De voorzieningenrechter oordeelde, dat het onder de bank gelegde derdenbeslag geen doel heeft getroffen omdat de beslagene ten tijde van de beslaglegging geen geldvordering op de bank had, maar slechts een schuld aan de bank en de kredietfaciliteit niet een vermogensrecht is dat vatbaar is voor beslaglegging. Op deze gronden heeft de voorzieningenrechter het onder de bank gelegde derdenbeslag opgeheven en de bank bevolen het overeengekomen krediet onverminderd aan de beslagene ter beschikking te stellen. Het Hof bekrachtigde dit vonnis, en die beslissing blijft in cassatie in stand.
Lees de overwegingen van HR 29 oktober 2004 (geen beslag op kredietruimte)

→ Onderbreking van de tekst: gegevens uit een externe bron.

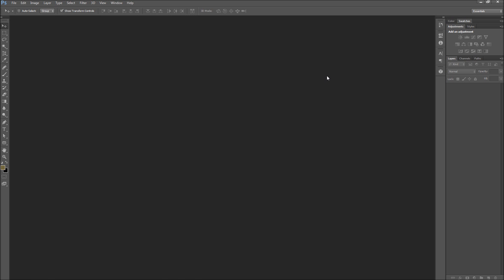Some users may want to change Photoshop back to a lighter version or even take it up a notch to make it darker. Luckily for us, there are settings within Photoshop that help you not only customize the color of your interface, but also other characteristics.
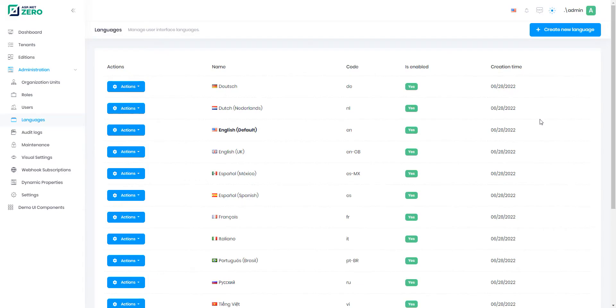ASP.NET 0 has a strong localization system which is used on both the server and the client sides. It allows us to easily configure application languages and define localization texts. Let's see how it works.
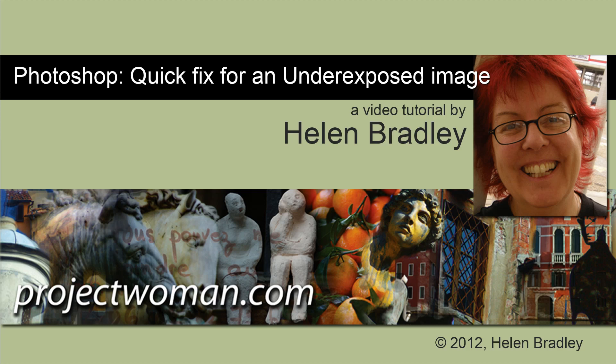Hello. I'm Helen Bradley. Welcome to this video tutorial. In this tutorial I've got a quick fix for an underexposed image.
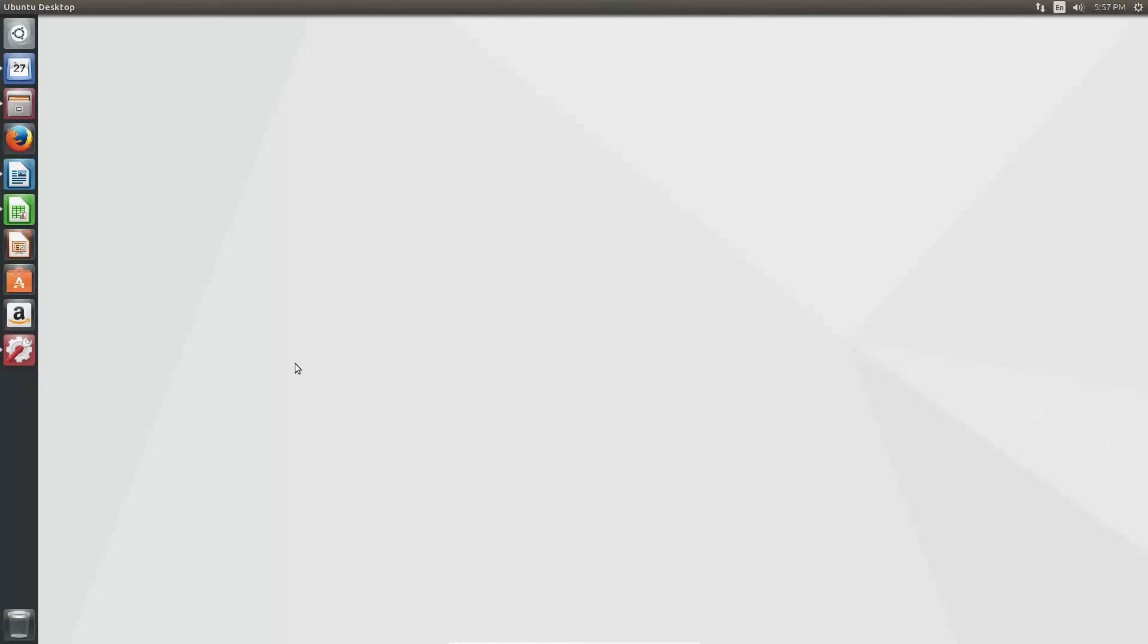Okay, so here it is guys, Ubuntu 17.04 review. My name is Jodhpreet and be sure to click that like button and subscribe to the channel for more.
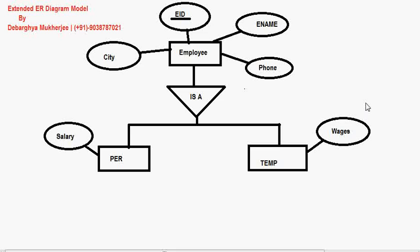For permanent employee, I'm specifying Salary, and for the temporary employee it has its own attribute. Now if you consider this model, you will make two physical tables: one is the Permanent table and another one is the Temp table. The Permanent table will have four attributes — City, Employee ID, Employee Name, and Phone — along with Salary. The Temp table will also have those same four attributes along with its own attribute. This is called generalization.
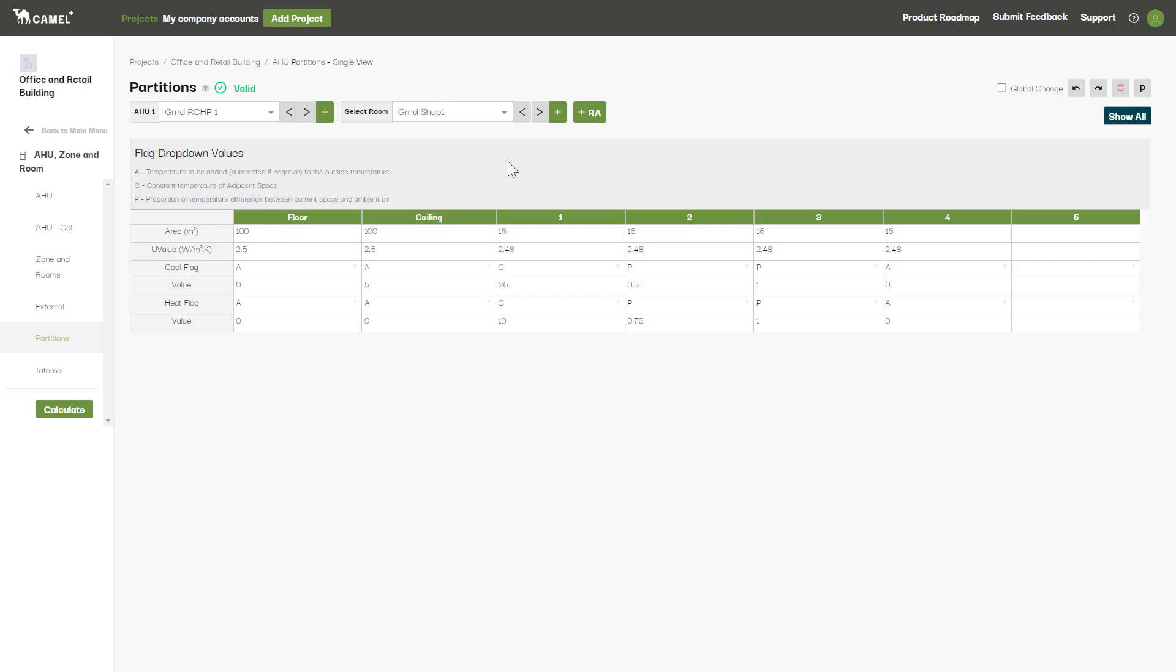The C flag is probably the easiest to understand. This allows you to just enter a constant temperature for the adjacent space. For example, for this partition one here, the adjacent room has been specified to be 26 degrees at all times for the cooling load calculation and a constant 10 degrees for the heating load calculation.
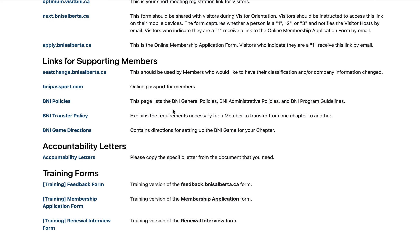For supporting members, your passport link is right there. Seat change is a very important one because that can happen — if you have a seat change and your company is changing names, for instance, that also goes through the same process as an application to make sure we get the right change in place. BNI transfer policy, overall BNI policies, and BNI game directions for when you're doing the BNI game are also there. For the membership committee, we have the accountability letters, training forms, the feedback form, membership application, and the renewal form — all set up as tests so you can see what the process your members and visitors would be going through.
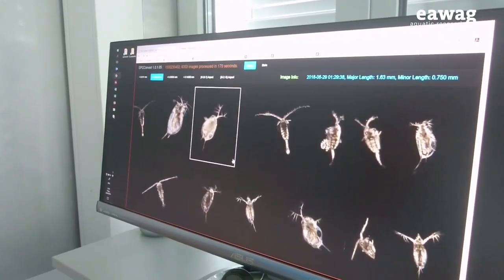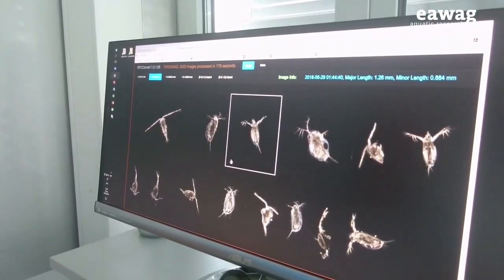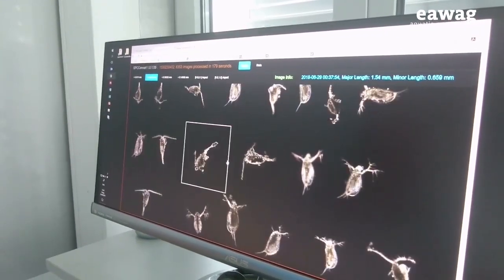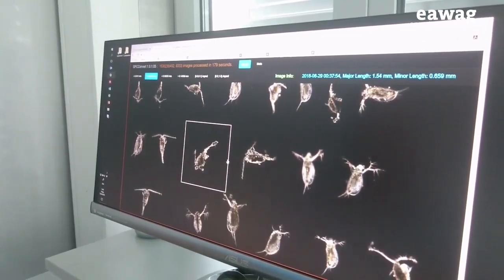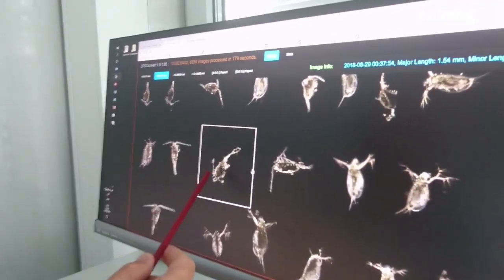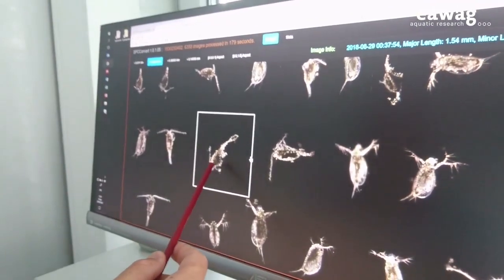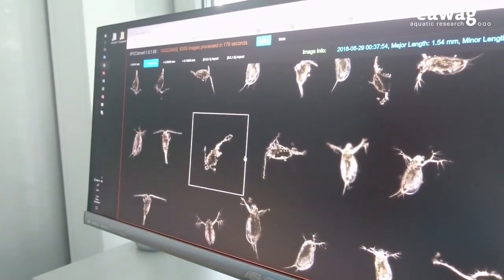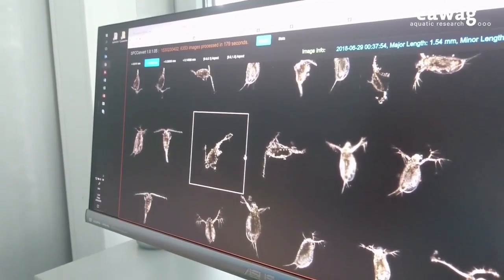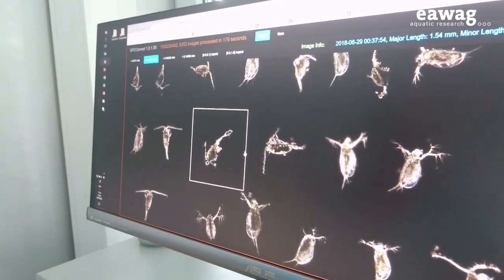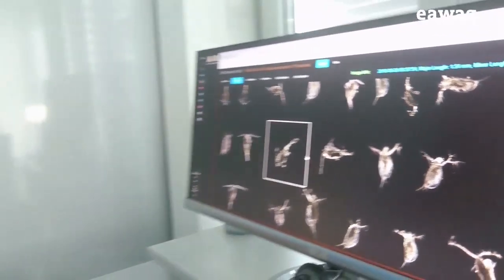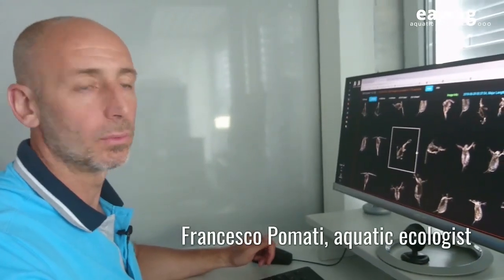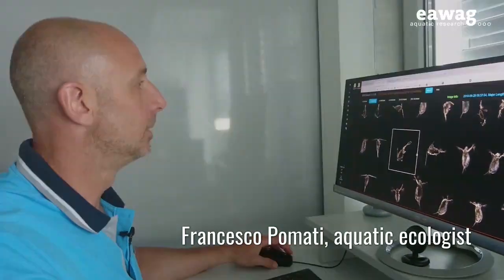One thing that we can already start noticing is that in many instances we can image individual copepods that have other organisms growing on their body. This type of species interaction is generally lost when we sample with traditional methods for plankton.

In r.o. 3.2 haalt de Hoge Raad de bestreden beslissing van het Hof aan:
“Het hof heeft zowel in het principale als in het incidentele beroep het bestreden vonnis bekrachtigd met verbetering van gronden. In het incidentele beroep overwoog het hof daartoe, kort samengevat, als volgt. Het recht van de beslagene tegenover de bank gebruik te maken van de haar geboden kredietfaciliteit is een wilsrecht dat als zodanig niet vatbaar is voor derdenbeslag omdat het geen goed is in de zin van art. 3:1 BW (rov. 4.18). Ook de aanspraak die de beslagene tegenover de bank verkrijgt door aan haar een betalingsopdracht te geven is niet door het beslag getroffen. Deze aanspraak volgt immers uit de uitoefening van het wilsrecht door de beslagene en niet rechtstreeks uit de rekening-courantverhouding (rov. 4.19). Bovendien is het doel van beslaglegging onder derden dat het desbetreffende vermogensbestanddeel door het beslag wordt ‘gezekerd’ teneinde na verkrijging van een executoriale titel te gelde te worden gemaakt. Een dergelijk vermogensbestanddeel wordt door het onderhavige beslag niet getroffen (rov. 4.20)”.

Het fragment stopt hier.